- What is being asked
Write out the lines below exactly, beginning at the one with "Středočeský kraj Pronájem" and stopping after the one with "#147Libre y a"; the pictures are not copied.

- Data records
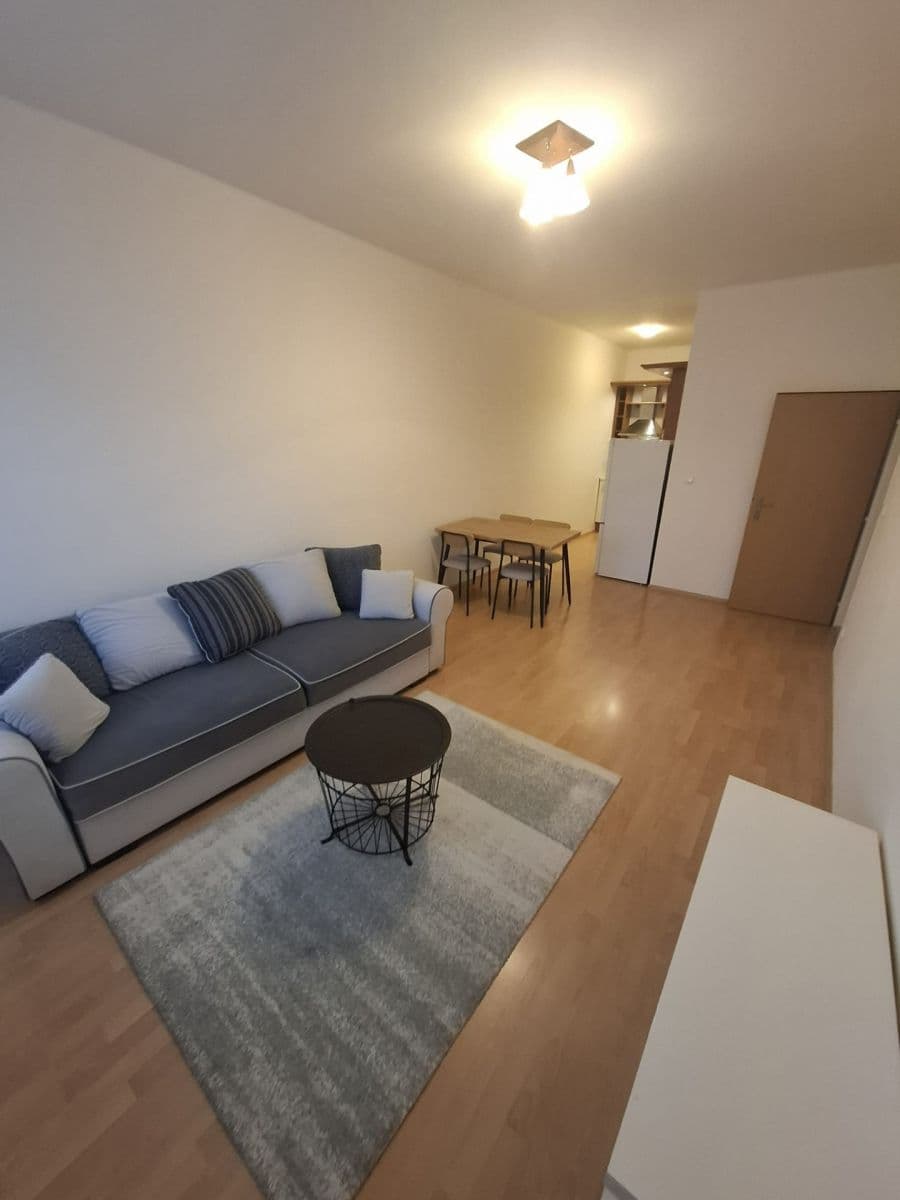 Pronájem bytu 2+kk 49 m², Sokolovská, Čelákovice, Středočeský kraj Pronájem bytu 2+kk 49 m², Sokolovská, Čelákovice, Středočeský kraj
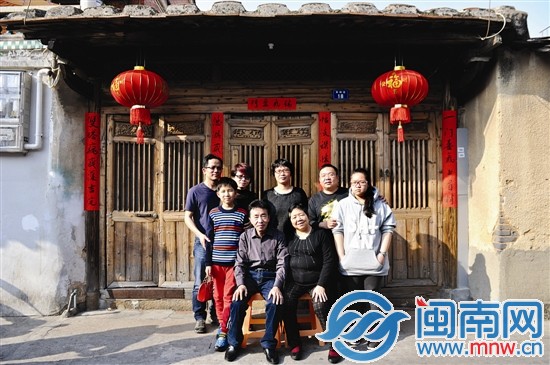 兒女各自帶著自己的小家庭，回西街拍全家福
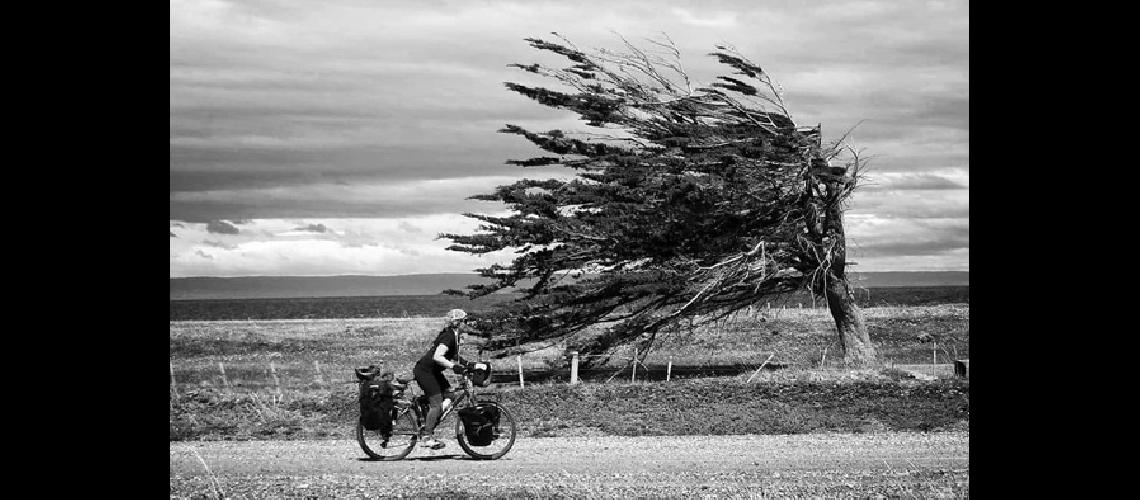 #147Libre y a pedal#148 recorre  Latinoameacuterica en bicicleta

...

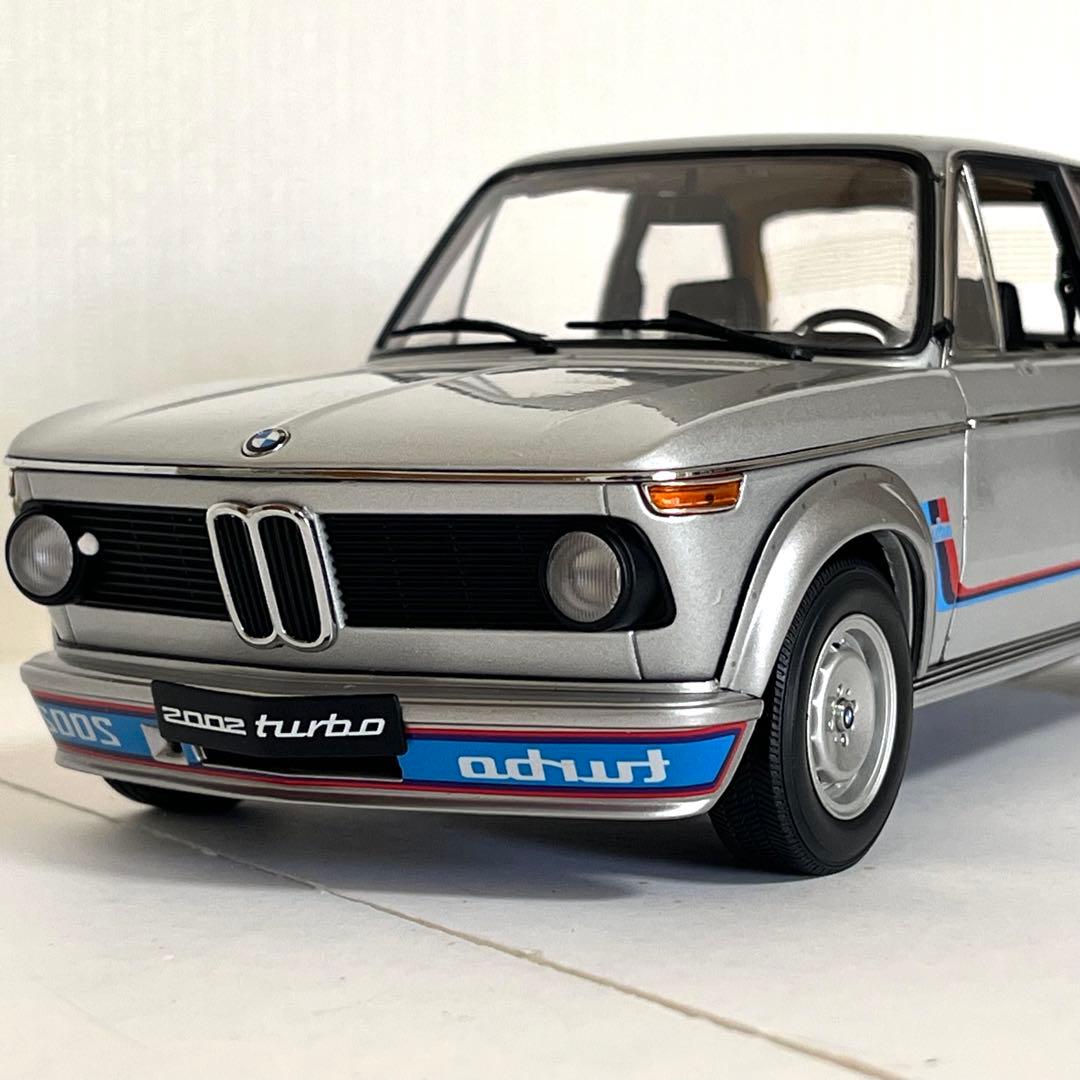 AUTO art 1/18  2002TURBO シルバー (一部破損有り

- Answer space
 Pronájem bytu 2+kk 49 m², Sokolovská, Čelákovice, Středočeský kraj Pronájem bytu 2+kk 49 m², Sokolovská, Čelákovice, Středočeský kraj
 兒女各自帶著自己的小家庭，回西街拍全家福
 #147Libre y a pedal#148 recorre  Latinoameacuterica en bicicleta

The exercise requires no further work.